Rendahl emphasized the need for her group to closely coordinate its activities with that of the governing body. “We want to not just monitor, but work with the governing body,” she said.
ISO Process Basics
Governing body members received a briefing about CAISO’s stakeholder process from Brad Cooper, ISO manager of market design and regulatory policy.
Cooper explained the stakeholder process the ISO uses each fall to develop a “roadmap” of planned policy developments, including EIM initiatives. The ISO last year drew from a catalog of 49 potential initiatives, selecting only 10 because of staff constraints.
“We can’t develop everything in the catalog,” Cooper said.
A final roadmap is presented to the CAISO board — and, in the future, the EIM governing body — at the beginning of each year. The ISO informs stakeholders of any changes to the roadmap through its Market Performance and Planning Forum.
“The roadmap isn’t set in stone,” Cooper said. “For instance, we had the Aliso Canyon issue come up” earlier this year, forcing a modification of the roadmap. (See CAISO Seeks Rapid Response to SoCal Gas Restrictions.)
When developing the roadmap, ISO staff divide initiatives into four categories, including initiatives already in progress, policy changes mandated by FERC, non-discretionary efforts related to reliability or market efficiency, and discretionary initiatives.
For the last category, ISO staff and stakeholders together prioritize potential initiatives according to benefits and feasibility.
“If something could provide great benefits and is relatively trivial to do, that would get priority,” Cooper said.
Cooper acknowledged that CAISO’s policy process is driven more by staff than by stakeholders — and said the ISO prefers it that way.

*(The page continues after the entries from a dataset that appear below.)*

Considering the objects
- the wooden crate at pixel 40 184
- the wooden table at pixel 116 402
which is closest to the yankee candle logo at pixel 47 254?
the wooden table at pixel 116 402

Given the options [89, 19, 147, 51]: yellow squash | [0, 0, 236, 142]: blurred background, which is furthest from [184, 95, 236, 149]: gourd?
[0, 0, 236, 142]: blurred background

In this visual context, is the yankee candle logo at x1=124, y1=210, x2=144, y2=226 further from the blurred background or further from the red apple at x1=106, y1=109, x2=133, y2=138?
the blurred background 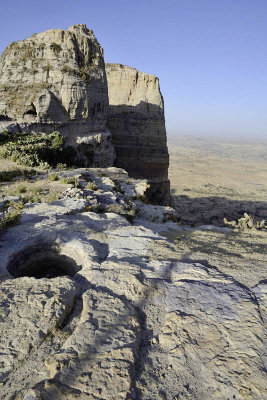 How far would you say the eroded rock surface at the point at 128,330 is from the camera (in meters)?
2.33

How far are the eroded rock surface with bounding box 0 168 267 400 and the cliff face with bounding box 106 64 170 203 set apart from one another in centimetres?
1796

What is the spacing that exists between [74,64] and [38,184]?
406 inches

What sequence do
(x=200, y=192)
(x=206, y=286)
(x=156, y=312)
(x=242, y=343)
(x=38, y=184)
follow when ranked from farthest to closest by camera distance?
(x=200, y=192) → (x=38, y=184) → (x=206, y=286) → (x=156, y=312) → (x=242, y=343)

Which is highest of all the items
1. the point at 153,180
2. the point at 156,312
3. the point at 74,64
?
the point at 74,64

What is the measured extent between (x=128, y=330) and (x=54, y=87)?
15.3 meters

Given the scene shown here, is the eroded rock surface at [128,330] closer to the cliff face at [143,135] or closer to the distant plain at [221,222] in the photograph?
the distant plain at [221,222]

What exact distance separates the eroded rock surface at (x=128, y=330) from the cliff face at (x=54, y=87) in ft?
38.4

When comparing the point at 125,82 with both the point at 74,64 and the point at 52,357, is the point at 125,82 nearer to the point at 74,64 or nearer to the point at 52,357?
the point at 74,64

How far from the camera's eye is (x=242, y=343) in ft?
9.12

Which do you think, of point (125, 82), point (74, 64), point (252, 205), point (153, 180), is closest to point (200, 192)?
point (252, 205)

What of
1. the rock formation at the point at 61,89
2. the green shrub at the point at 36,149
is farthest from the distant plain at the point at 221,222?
the rock formation at the point at 61,89

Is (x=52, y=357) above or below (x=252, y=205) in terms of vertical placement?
above

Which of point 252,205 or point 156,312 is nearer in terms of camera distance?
point 156,312

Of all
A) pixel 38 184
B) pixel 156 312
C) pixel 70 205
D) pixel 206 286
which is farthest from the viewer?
pixel 38 184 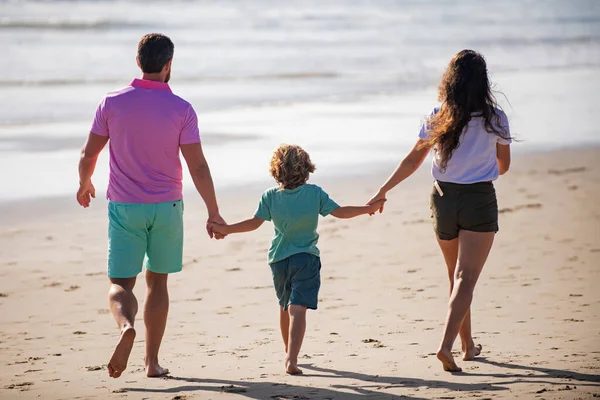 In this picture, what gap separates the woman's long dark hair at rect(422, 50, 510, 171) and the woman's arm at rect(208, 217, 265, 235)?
107 centimetres

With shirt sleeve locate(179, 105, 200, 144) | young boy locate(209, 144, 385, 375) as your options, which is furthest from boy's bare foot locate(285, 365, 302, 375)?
shirt sleeve locate(179, 105, 200, 144)

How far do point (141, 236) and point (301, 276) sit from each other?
2.94ft

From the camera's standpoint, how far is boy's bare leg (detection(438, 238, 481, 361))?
5.23 meters

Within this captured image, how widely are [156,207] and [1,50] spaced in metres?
25.4

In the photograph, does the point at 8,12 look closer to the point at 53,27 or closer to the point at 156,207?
the point at 53,27

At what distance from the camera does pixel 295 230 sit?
201 inches

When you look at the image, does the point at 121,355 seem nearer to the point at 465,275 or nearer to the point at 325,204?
the point at 325,204

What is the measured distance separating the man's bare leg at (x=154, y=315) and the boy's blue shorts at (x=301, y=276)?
0.66 meters

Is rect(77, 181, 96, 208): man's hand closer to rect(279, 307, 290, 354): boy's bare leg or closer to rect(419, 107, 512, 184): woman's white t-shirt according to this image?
rect(279, 307, 290, 354): boy's bare leg

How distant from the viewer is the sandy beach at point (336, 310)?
4.96 meters

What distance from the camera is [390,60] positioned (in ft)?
87.0

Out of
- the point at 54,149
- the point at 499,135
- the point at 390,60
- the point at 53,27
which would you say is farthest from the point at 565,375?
the point at 53,27

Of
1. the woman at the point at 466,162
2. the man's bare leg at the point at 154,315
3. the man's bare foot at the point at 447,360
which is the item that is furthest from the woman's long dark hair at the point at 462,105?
the man's bare leg at the point at 154,315

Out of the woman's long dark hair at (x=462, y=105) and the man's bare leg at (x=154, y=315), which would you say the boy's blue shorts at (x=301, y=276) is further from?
the woman's long dark hair at (x=462, y=105) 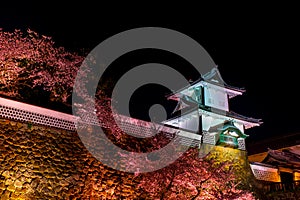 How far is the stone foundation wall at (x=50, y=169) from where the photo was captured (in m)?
8.66

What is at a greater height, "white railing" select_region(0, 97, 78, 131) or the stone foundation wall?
"white railing" select_region(0, 97, 78, 131)

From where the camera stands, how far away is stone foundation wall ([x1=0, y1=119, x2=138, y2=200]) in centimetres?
866

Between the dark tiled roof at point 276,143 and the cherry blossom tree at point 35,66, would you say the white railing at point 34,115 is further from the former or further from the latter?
the dark tiled roof at point 276,143

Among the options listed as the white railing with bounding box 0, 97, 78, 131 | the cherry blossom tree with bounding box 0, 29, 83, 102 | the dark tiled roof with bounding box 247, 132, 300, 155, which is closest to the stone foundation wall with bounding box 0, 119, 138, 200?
the white railing with bounding box 0, 97, 78, 131

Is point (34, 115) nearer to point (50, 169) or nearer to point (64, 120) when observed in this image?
point (64, 120)

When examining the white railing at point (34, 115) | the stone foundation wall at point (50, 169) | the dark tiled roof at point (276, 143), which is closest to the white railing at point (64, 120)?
the white railing at point (34, 115)

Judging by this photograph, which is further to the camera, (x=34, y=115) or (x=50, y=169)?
(x=34, y=115)

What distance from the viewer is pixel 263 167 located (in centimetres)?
1675

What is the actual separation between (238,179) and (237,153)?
134 centimetres

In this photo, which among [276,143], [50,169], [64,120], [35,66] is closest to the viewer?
[50,169]

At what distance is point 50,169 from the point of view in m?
9.38

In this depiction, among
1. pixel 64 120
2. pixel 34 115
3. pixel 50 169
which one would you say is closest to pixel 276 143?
pixel 64 120

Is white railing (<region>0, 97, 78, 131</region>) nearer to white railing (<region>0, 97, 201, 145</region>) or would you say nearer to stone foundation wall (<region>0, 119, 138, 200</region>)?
white railing (<region>0, 97, 201, 145</region>)

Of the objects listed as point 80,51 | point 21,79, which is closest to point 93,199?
point 21,79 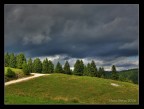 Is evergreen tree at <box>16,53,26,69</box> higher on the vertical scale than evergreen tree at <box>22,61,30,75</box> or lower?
higher

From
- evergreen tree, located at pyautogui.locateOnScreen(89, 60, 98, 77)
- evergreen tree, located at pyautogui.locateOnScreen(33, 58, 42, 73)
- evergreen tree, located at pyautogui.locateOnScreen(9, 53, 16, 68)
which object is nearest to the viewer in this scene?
evergreen tree, located at pyautogui.locateOnScreen(9, 53, 16, 68)

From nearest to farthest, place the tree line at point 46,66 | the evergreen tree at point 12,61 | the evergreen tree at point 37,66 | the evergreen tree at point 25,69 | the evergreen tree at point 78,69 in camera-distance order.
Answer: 1. the evergreen tree at point 25,69
2. the tree line at point 46,66
3. the evergreen tree at point 12,61
4. the evergreen tree at point 37,66
5. the evergreen tree at point 78,69

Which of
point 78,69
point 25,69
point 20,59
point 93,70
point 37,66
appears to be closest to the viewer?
point 25,69

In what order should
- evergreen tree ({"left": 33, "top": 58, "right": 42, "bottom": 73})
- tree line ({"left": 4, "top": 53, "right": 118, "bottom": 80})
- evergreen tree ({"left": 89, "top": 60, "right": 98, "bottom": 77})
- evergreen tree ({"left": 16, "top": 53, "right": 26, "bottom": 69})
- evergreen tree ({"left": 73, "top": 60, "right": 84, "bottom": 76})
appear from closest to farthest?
1. evergreen tree ({"left": 16, "top": 53, "right": 26, "bottom": 69})
2. tree line ({"left": 4, "top": 53, "right": 118, "bottom": 80})
3. evergreen tree ({"left": 33, "top": 58, "right": 42, "bottom": 73})
4. evergreen tree ({"left": 89, "top": 60, "right": 98, "bottom": 77})
5. evergreen tree ({"left": 73, "top": 60, "right": 84, "bottom": 76})

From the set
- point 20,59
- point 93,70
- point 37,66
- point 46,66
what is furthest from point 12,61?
point 93,70

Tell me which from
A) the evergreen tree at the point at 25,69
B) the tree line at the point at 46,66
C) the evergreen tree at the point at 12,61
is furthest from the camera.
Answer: the evergreen tree at the point at 12,61

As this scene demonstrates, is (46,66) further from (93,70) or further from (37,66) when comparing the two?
(93,70)

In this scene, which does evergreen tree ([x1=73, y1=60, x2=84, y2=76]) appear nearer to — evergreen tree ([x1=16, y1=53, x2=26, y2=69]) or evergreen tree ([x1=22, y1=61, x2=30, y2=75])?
evergreen tree ([x1=16, y1=53, x2=26, y2=69])

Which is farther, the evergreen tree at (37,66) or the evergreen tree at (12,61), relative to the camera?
the evergreen tree at (37,66)

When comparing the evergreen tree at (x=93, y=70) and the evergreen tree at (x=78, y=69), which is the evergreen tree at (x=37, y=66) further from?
the evergreen tree at (x=93, y=70)

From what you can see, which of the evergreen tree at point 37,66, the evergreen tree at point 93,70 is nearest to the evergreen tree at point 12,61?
the evergreen tree at point 37,66

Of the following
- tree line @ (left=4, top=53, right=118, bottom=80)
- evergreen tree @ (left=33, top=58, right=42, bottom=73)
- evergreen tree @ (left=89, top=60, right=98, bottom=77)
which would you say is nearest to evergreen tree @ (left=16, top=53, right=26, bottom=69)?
tree line @ (left=4, top=53, right=118, bottom=80) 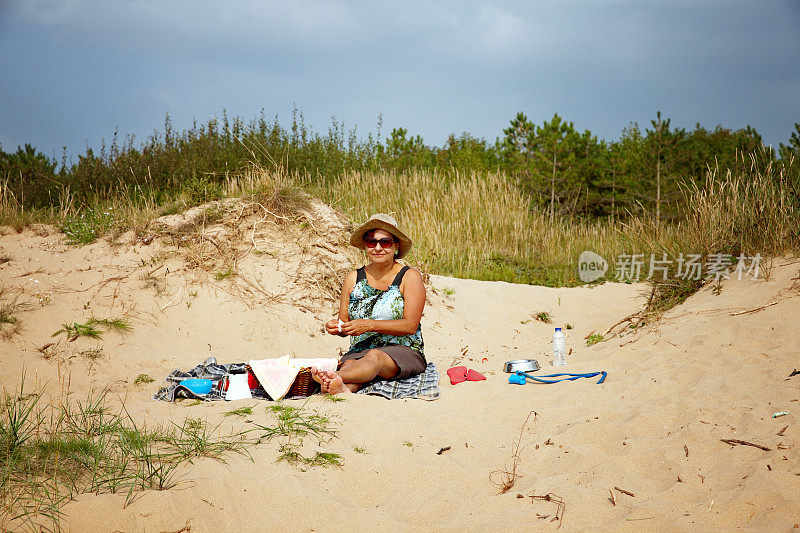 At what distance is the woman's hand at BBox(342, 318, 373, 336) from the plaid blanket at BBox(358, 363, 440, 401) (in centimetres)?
44

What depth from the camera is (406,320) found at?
4531 millimetres

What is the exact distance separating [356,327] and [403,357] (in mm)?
490

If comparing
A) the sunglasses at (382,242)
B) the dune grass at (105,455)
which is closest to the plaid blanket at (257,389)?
the dune grass at (105,455)

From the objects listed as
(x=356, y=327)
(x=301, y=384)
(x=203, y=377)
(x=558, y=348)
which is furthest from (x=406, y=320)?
(x=203, y=377)

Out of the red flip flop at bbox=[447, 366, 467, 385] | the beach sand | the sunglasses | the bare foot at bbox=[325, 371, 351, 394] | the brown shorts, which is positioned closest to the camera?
the beach sand

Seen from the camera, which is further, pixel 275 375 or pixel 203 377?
pixel 203 377

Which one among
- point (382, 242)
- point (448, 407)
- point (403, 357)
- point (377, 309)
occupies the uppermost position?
point (382, 242)

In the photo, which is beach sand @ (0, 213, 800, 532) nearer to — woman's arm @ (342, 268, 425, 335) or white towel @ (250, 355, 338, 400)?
white towel @ (250, 355, 338, 400)

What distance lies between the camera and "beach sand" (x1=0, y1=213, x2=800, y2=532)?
2521 mm

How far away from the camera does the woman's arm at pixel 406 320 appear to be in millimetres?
4305

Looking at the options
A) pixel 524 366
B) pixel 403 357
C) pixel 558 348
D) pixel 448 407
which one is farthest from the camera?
pixel 558 348

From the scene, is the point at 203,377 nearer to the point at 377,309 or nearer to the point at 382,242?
the point at 377,309

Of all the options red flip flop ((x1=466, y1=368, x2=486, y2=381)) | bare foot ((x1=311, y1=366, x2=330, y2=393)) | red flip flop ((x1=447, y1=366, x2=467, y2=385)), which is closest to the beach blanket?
bare foot ((x1=311, y1=366, x2=330, y2=393))

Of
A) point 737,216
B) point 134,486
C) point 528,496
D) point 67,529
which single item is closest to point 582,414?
point 528,496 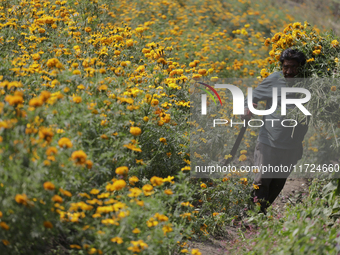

“We realize that we made a commitment to look at other [stakeholder] processes [to implement under] regionalization, but we think our stakeholder process really allows us to quickly evolve policies,” Cooper said, adding that he didn’t think a project such as the EIM could’ve been developed under a stakeholder-led model.
“The ISO really tries to take a balanced view of our proposed policy,” Cooper said, contending that the ISO’s process does not factor in specific stakeholder interests, avoids “contentious voting structures,” and prevents bias or brokered policy decisions — allowing the ISO to focus on grid reliability.
Still, Cooper emphasized that “stakeholders are involved every step of the way,” including through “working group” meetings that focus on specific initiatives.
“We have a lot of open interaction that may not be possible with more formal stakeholder processes,” Cooper said. “This allows us to really interact with our stakeholders and get their input.”